The data: Begin

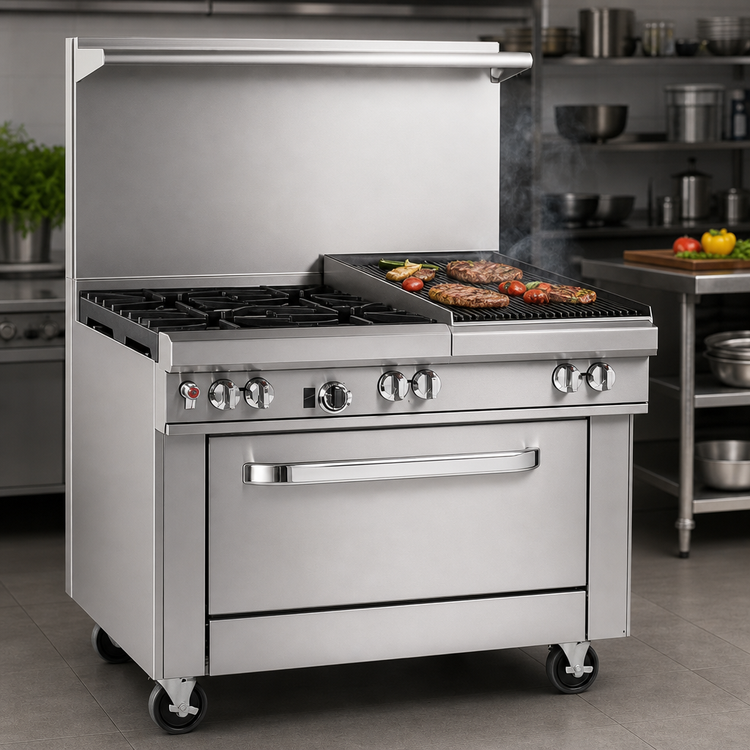 Product image #4 for Southbend Ultimate 36-Inch Gas Restaurant Range with 2 Star/Sauté Burners, 24-Inch Charbroiler, and Convection Oven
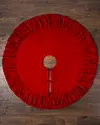 60in Red Pleated Velvet Tree Skirt by Balsam Hill Closeup 10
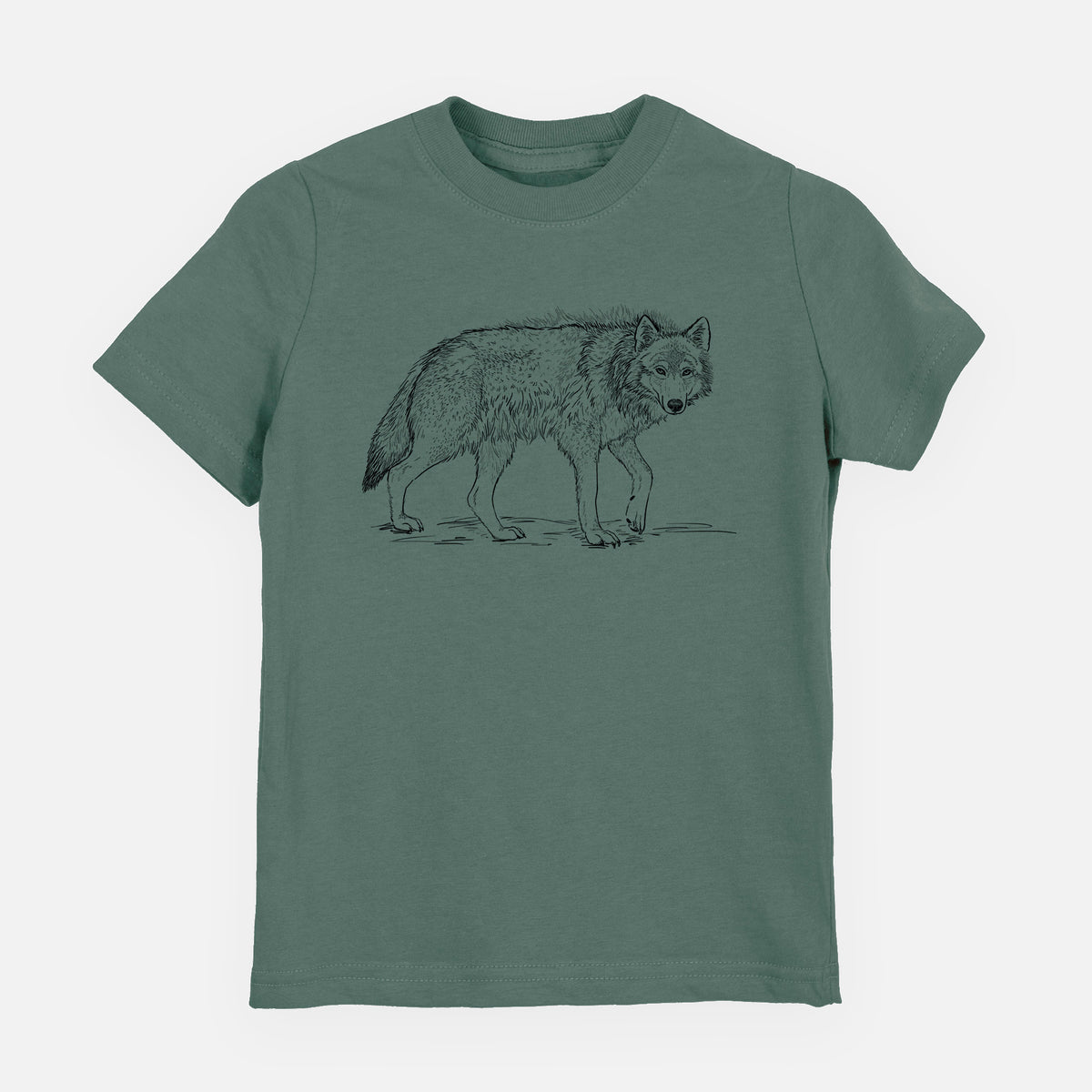 Basil green youth t-shirt laid flat, printed with a detailed black ink illustration of a grey wolf walking.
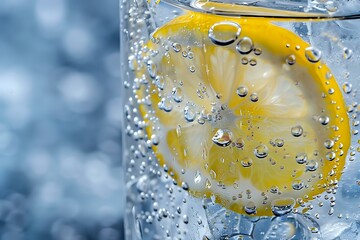 Poster - Fresh lemon slice in sparkling water with bubbles against blue background, macro photography showing crystal clear droplets and citrus detail.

The data: End

• [What is being asked]
Nothing but the lines from the line containing "Basil green youth" through the last line of the listing above should appear, output exactly, with no pictures.

• [Written solution]
 Basil green youth t-shirt laid flat, printed with a detailed black ink illustration of a grey wolf walking.
 Poster - Fresh lemon slice in sparkling water with bubbles against blue background, macro photography showing crystal clear droplets and citrus detail.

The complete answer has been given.